In an effort to oppose the newly legal Canadian recreational cannabis industry, Sabet said that Smart Approaches to Marijuana Canada was launching a new website, www.PotWatch.org, “to expose the harms of Big Marijuana in Canada.”
“Join our coalition that is fearlessly investigating, exposing, challenging, and holding the marijuana industry accountable,” extolls the organization’s website.
In an email to supporters about the event, Sabet predicted dire consequences would result from the legalization of cannabis.
“October 17th, 2018 will be a day we look back on as a dark day in our history – the day Canada began nationwide legal sales of high-potency marijuana,” Sabet wrote. “It will be remembered as the day Canadian lawmakers put the interest of an addiction-for-profit industry over the health and safety of its citizens.”
Anti-Pot Arguments Already Addressed
At the protest, speakers and placards relied on anti-pot cliches including the fears of easier access to cannabis for youth and opposition to “Big Pot,” arguments already addressed by Canadian Prime Minister Justin Trudeau in his call for the legalization of cannabis.
In 2016, Trudeau noted that “young people have easier access to cannabis now, in Canada, than they do in just about any other countries in the world. [Of] 29 different countries studied by the U.N., Canada was number one in terms of underage access to marijuana.”
Trudeau also refuted the notion that the legalization of recreational pot was a giveaway to business interests and said that regulating the industry could help keep cannabis away from youth.
“I have no doubt that Canadians and entrepreneurs will be tremendously innovative in finding ways to create positive economic benefits from the legalization and control of marijuana, but our focus is on protecting kids and protecting our streets,” said Trudeau.
The prime minister also noted that with or without legalization, Canada would have a cannabis industry.
“The other piece of it is there are billions upon billions of dollars flowing into the pockets of organized crime, street gangs, and gun-runners, because of the illicit marijuana trade, and if we can get that out of the criminal elements and into a more regulated fashion we will reduce the amount of criminal activity that’s profiting from those, and that has offshoots into so many other criminal activities,” said Trudeau. “So those are my focuses on that.
Supporters of the legalization of cannabis also made their feelings known in Vancouver on Wednesday.
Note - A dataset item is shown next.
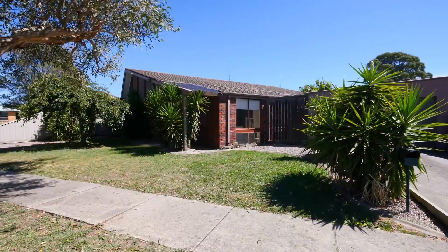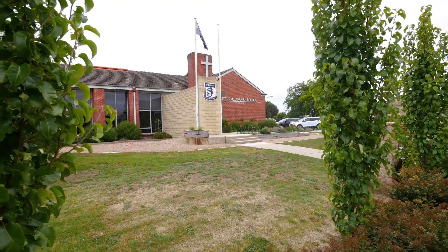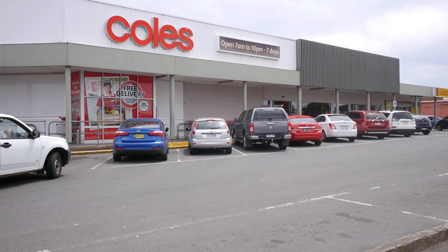A perfect family home for investors or families. Within walking distance of schools and supermarkets, this property has so much to offer.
Across the street from the launch of the PotWatch website, cannabis activist Anil Sthankiya was angered by a sign that read “Marijuana kills brain cells.” Cannabinoids have actually been shown to neuroprotective properties.
“This is disgusting, and more and more of this, over again, from people who haven’t bothered to do 20 honest hours of research,” Sthankiya said.
Another cannabis advocate, Dillon Mcardle, was openly selling marijuana and displaying cannabis plants at a booth across the street from the art gallery. He told reporters that he was also protesting the influx of corporate interests into Canadian cannabis.
“We’re protesting for the proper legalization of cannabis. We want to see free weed for medical needs and equal rights for every Canadian citizen to grow it, smoke it and sell it, of course over the age of 19,” said Mcardle.